**ASSIGNED TASK:**
Would you output the lines from the one with "Ngọc Oanh xinh" through the last line of the material below, exactly, but without pictures?

**EXCERPTED RECORDS:**
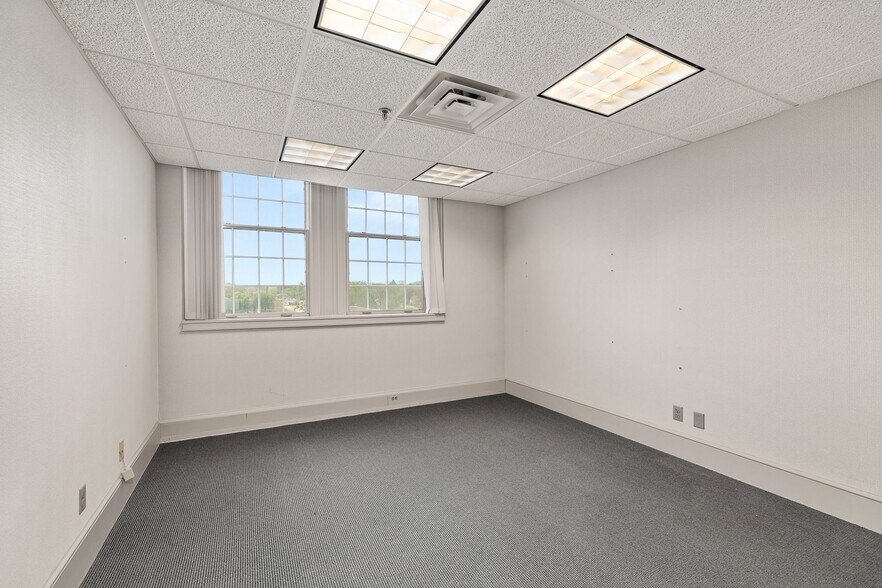 More Photos Of 380 N Main St, Mansfield Office Residential For Sale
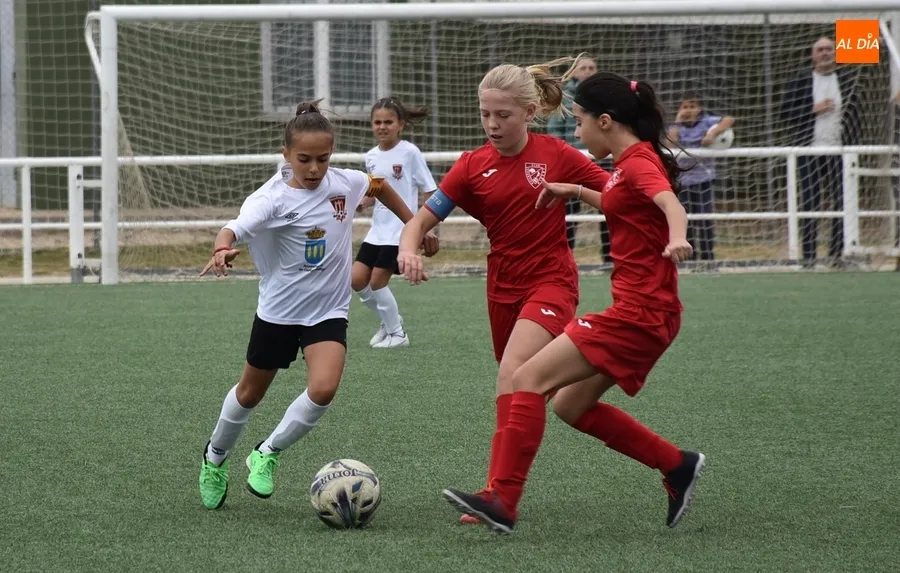 Foto 3 - El Alev&iacute;n Femenino del Ciudad Rodrigo tambi&eacute;n se estrena con triunfo ante su afici&oacute;n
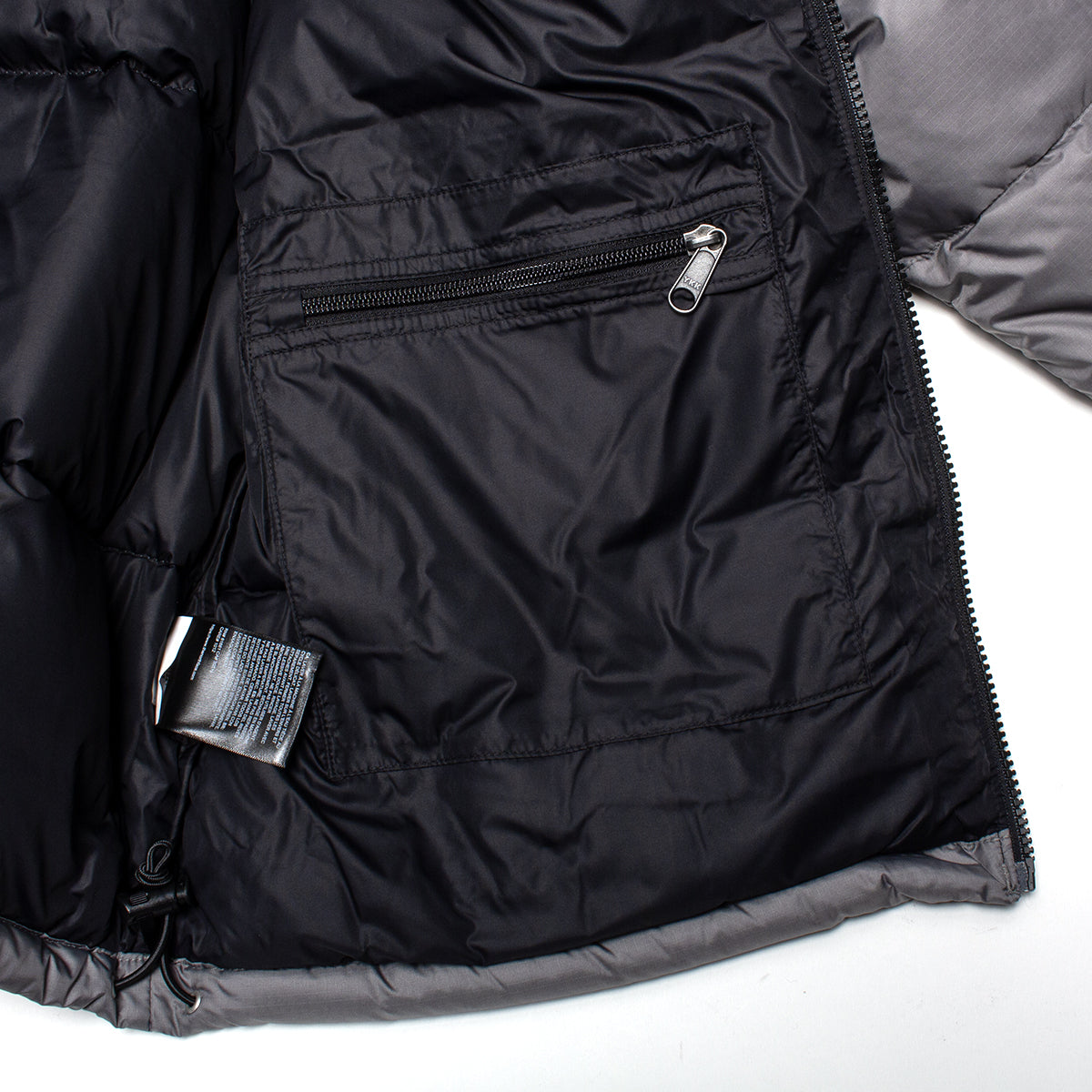 The North Face - 1996 Retro Nuptse Jacket
Style # NF0A3C8DRPI1
Color : Smoked Pearl / TNF Black
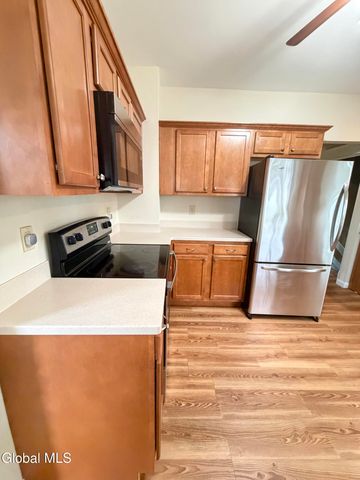 974 Washington Avenue, Albany, NY 12203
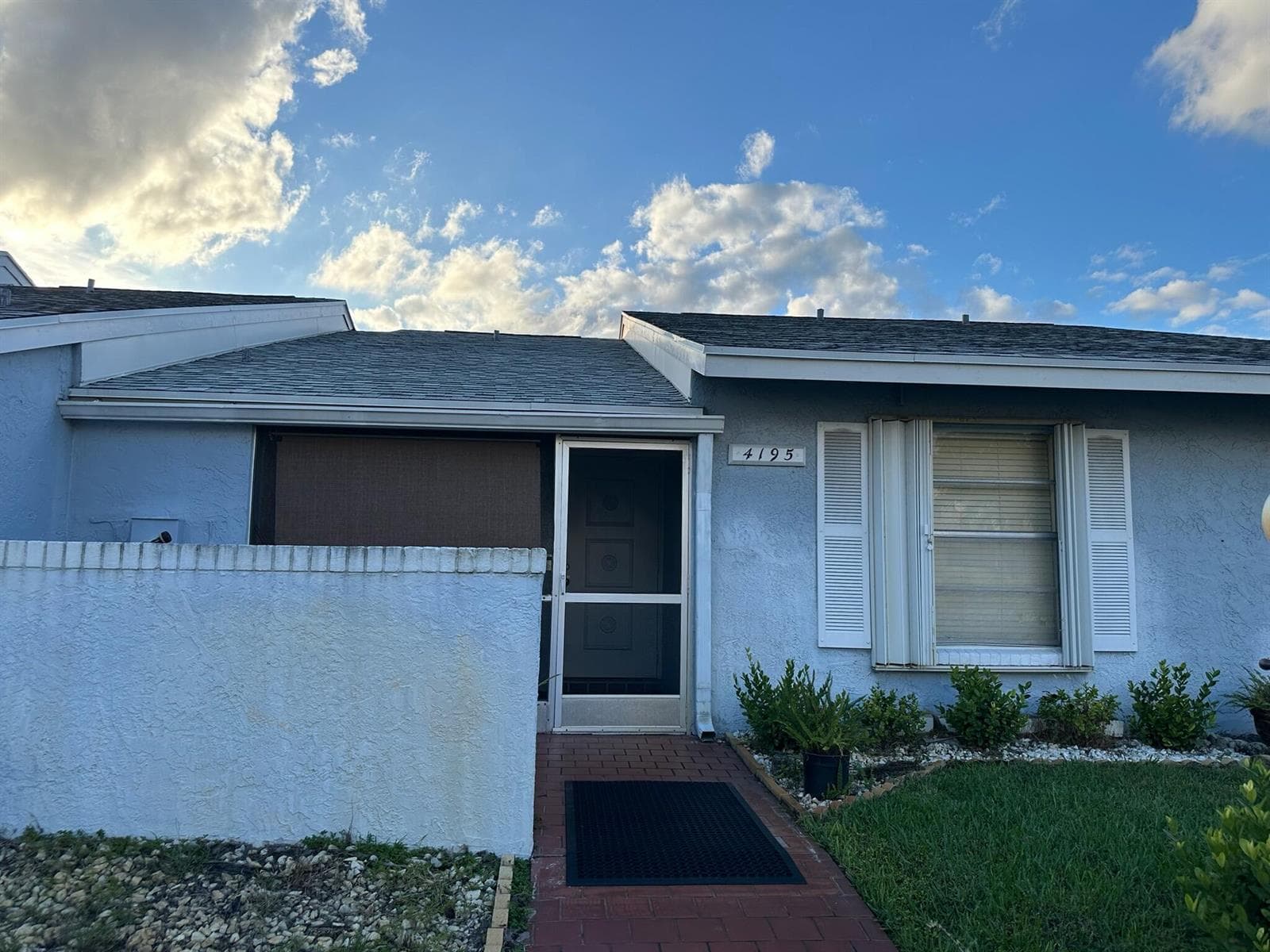 4195 Lucerne Villas Lane, Lake Worth FL 33467 - Lake Worth, FL - Photo 1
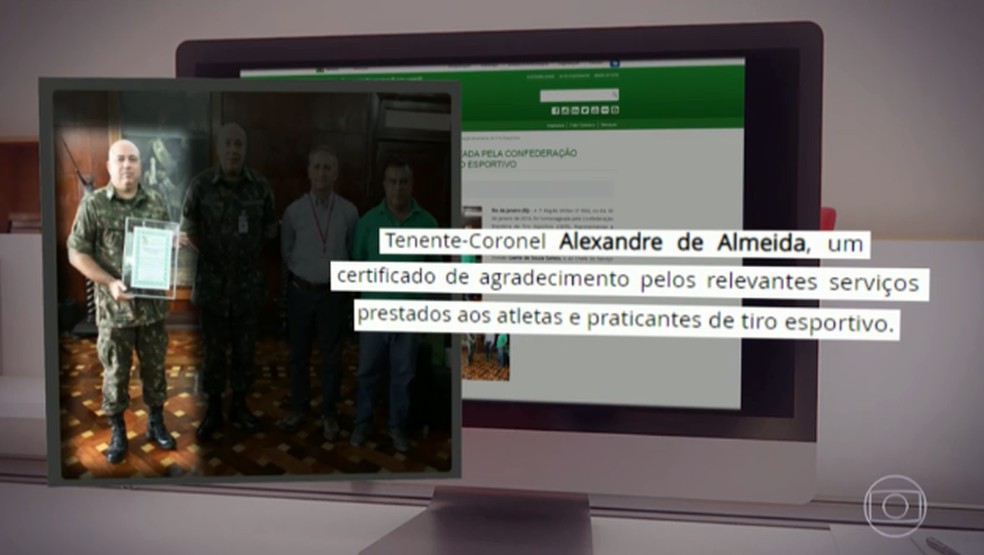 Tenente-coronel com certificado de agradecimento de atletas e praticantes de tiro esportivo  — Foto: Reprodução/TV Globo 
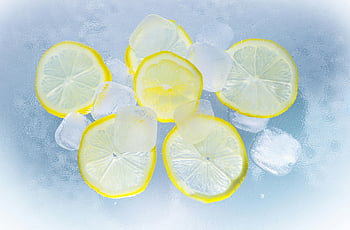 plátky citronu, ledové kostky, chladný povrch, občerstvení, ledová voda, čerstvý citron, chladný nápoj, citrusové ovoce, Osvěžující nápoj, letní nápoj
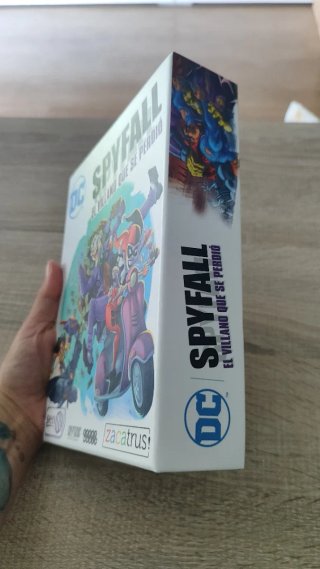 Juego Spyfall El Villano que se perdió DC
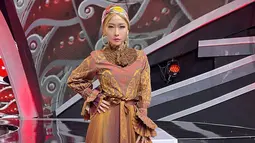 Istri Adam Suseno ini juga selalu tampil percaya diri di atas panggung. Inul Daratista juga tampak menata rambutnya dengan berbagai gaya. Tak jarang pula, ia terlihat memesona dengan bandana. (Liputan6.com/IG/@inul.d)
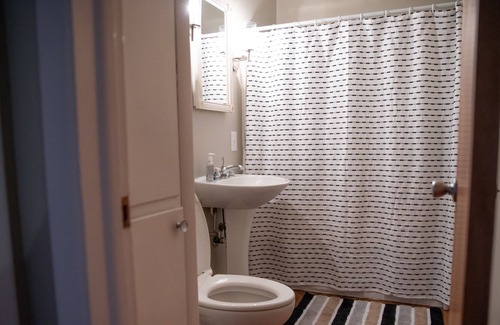 Carbon Hill House | The Retreat at CCWC - Three bedroom house, minutes from Ohio U. & Athens.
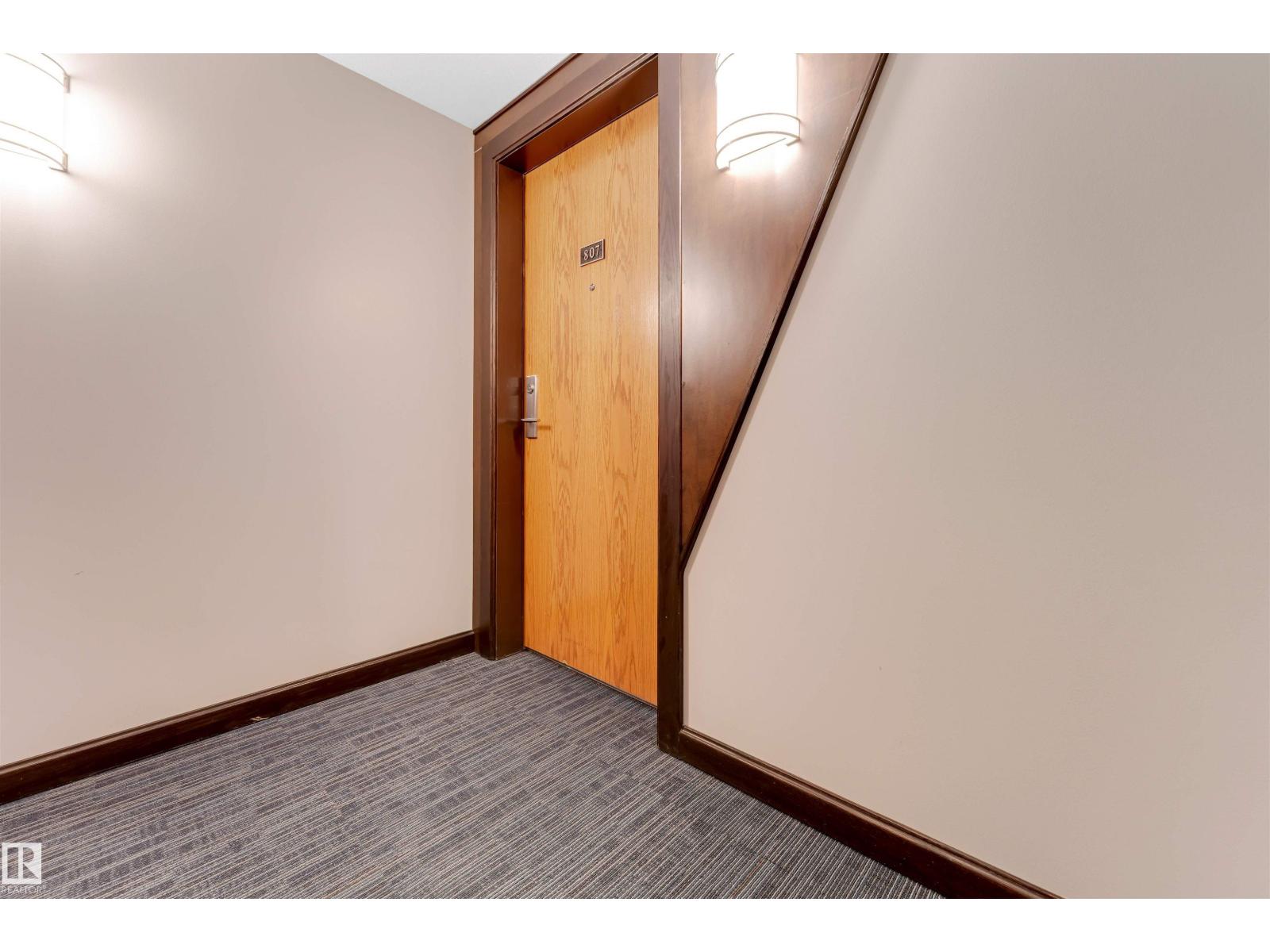 #807 10055 118 ST NW, Edmonton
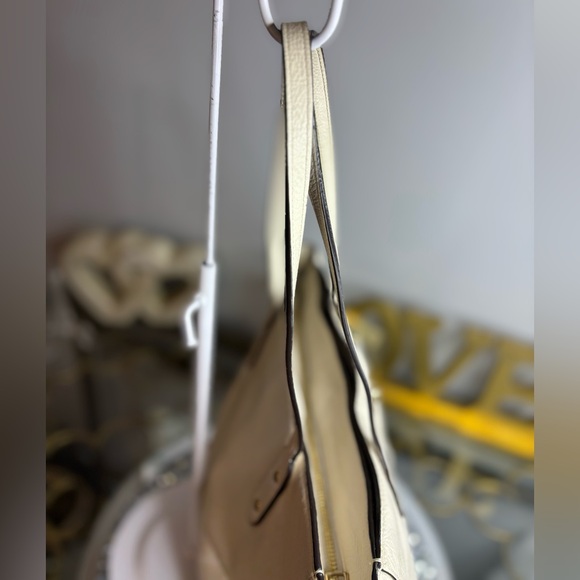 Coach 2017 Pebble Leather Town Tote in the color Chalk EUC - Picture 10 of 16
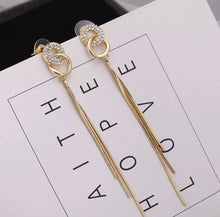 Load image into Gallery viewer, Simple Elegant Double Ring tassel earring for woman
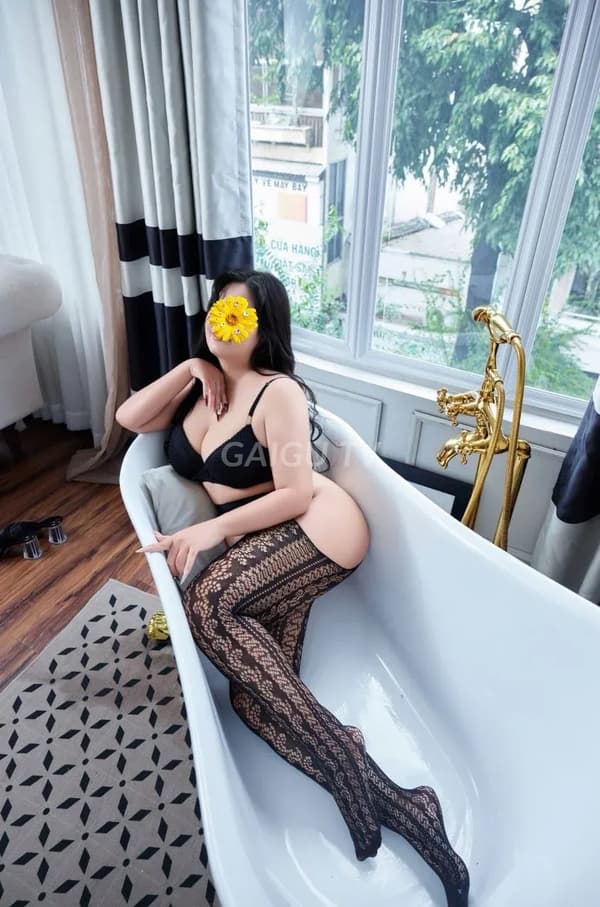 Ngọc Oanh xinh lung linh tại Trảng Bom 250k 16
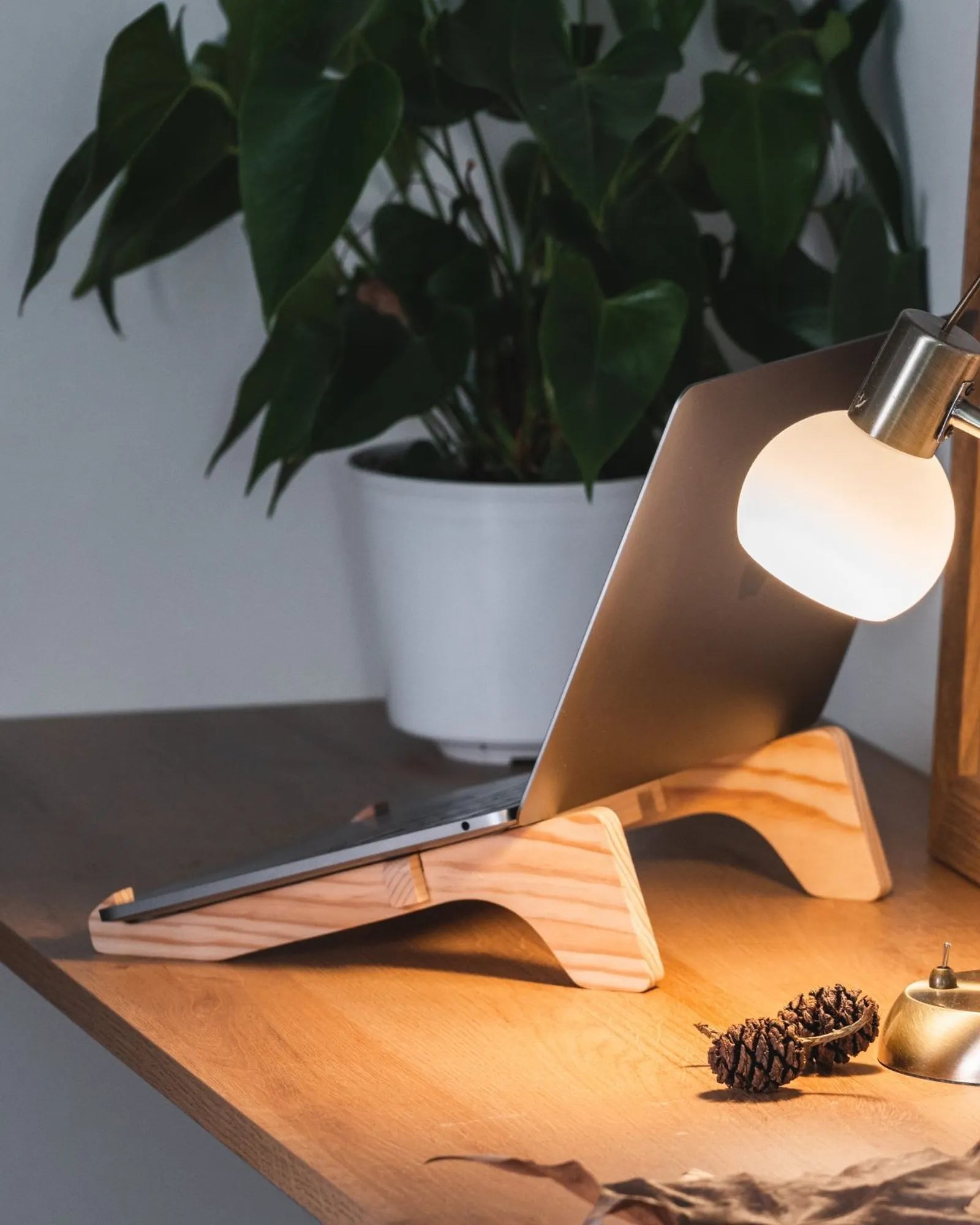 Supporto laptop legno riciclato Altxa da personalizzare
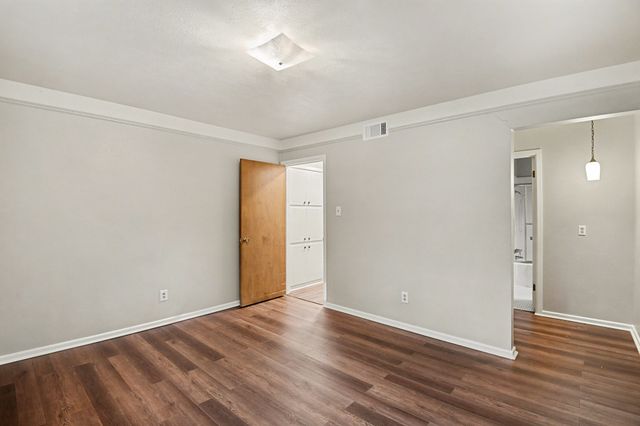 709 W Pleasantview Drive, Hurst, TX 76054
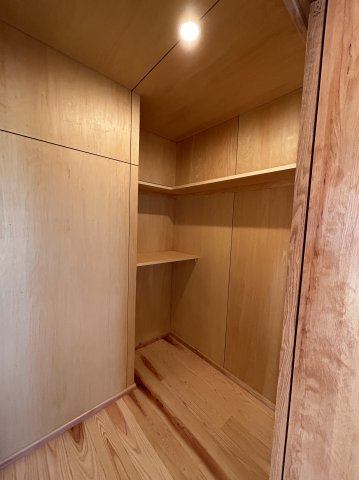 木田余東台1丁目　ガレージ付き住宅の収納|洋室の収納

**REPLY:**
 Ngọc Oanh xinh lung linh tại Trảng Bom 250k 16
 Supporto laptop legno riciclato Altxa da personalizzare
 709 W Pleasantview Drive, Hurst, TX 76054
 木田余東台1丁目　ガレージ付き住宅の収納|洋室の収納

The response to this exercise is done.